Look through the records below for the line holding "decorative stained glass". Write it out exactly, with each following line through the line holding "Orologio donna color argento".

ENTRIES PROVIDED =
-=-=-=-=-
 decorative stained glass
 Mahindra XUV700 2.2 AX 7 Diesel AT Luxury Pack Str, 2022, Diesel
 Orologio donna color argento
-=-=-=-=-
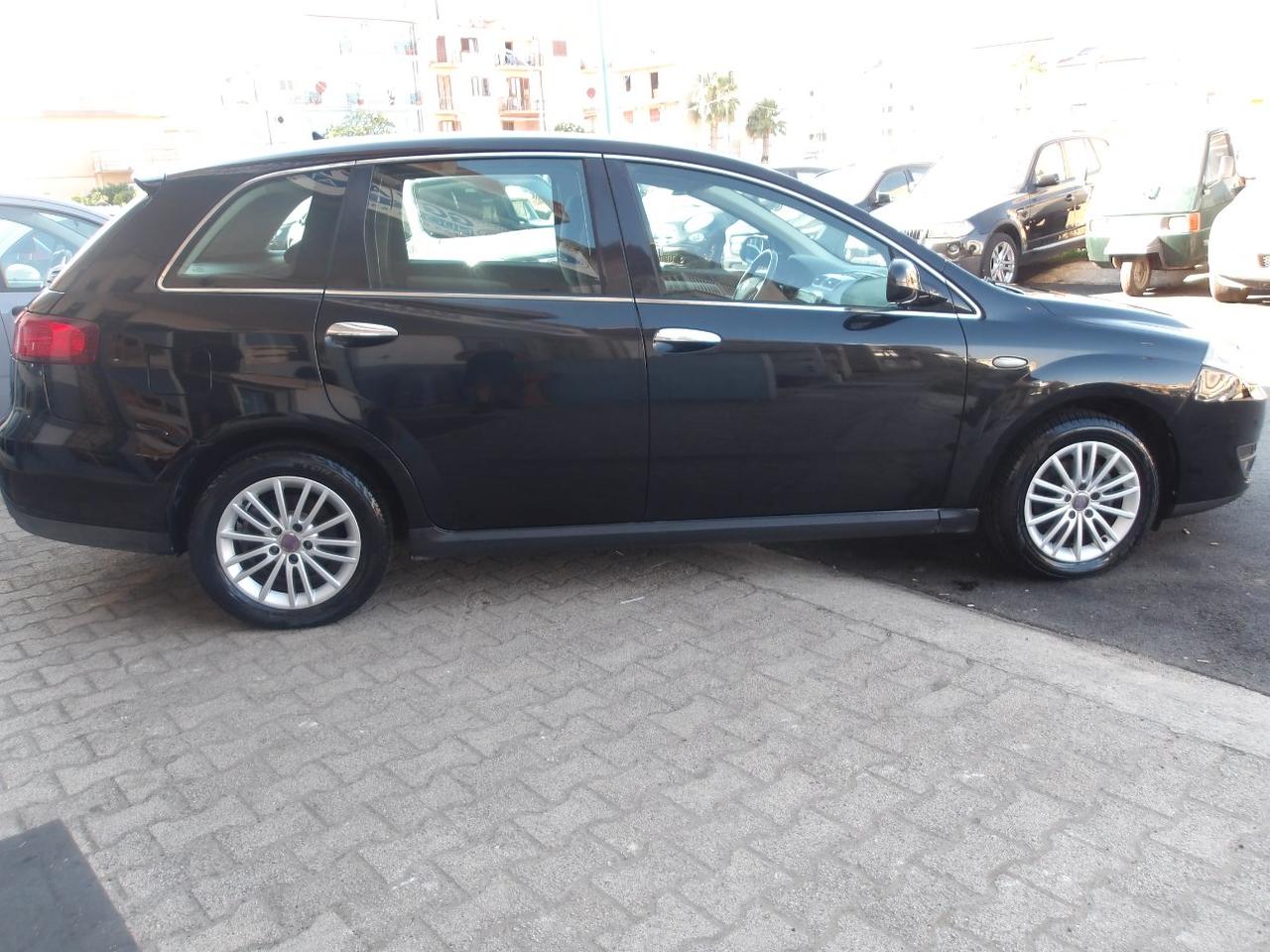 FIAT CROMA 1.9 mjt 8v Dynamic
-=-=-=-=-
COMPLETED EXERCISE =
 decorative stained glass
 Mahindra XUV700 2.2 AX 7 Diesel AT Luxury Pack Str, 2022, Diesel
 Orologio donna color argento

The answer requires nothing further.